• _Source data_:

=== Section Start ===

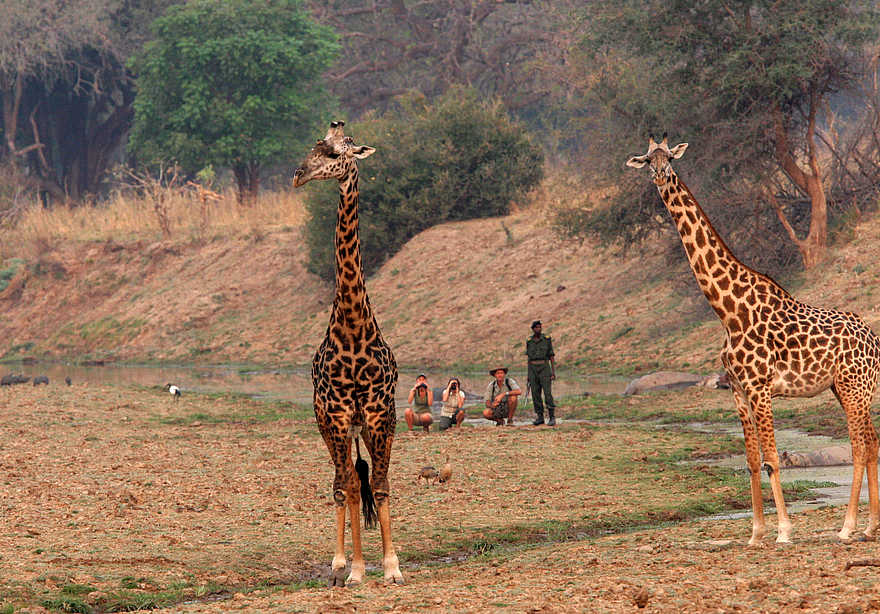 Kaingo Walking Safari: Giraffen in der Lagune Kaingo Walking Safari: Giraffen in der Lagune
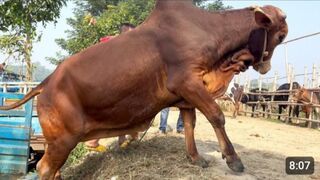 Cute cow vlog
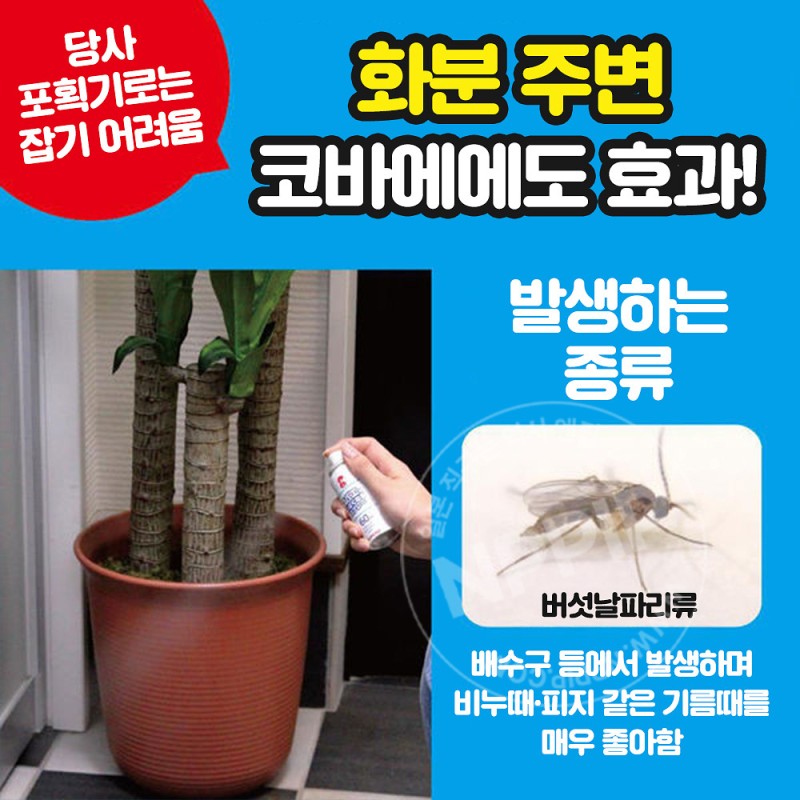 킨쵸 날파리 초파리 없어지는 스프레이 80회용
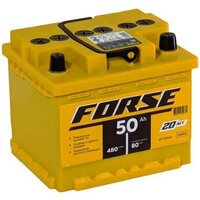 FORSE R+ низк. (50 А/ч) Image #4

=== Section End ===

• _Description of the task_:
Without the pictures, transcribe the lines from the one containing "Cute cow vlog" through the end of the data, exactly and only those.

• _Answer space_:
 Cute cow vlog
 킨쵸 날파리 초파리 없어지는 스프레이 80회용
 FORSE R+ низк. (50 А/ч) Image #4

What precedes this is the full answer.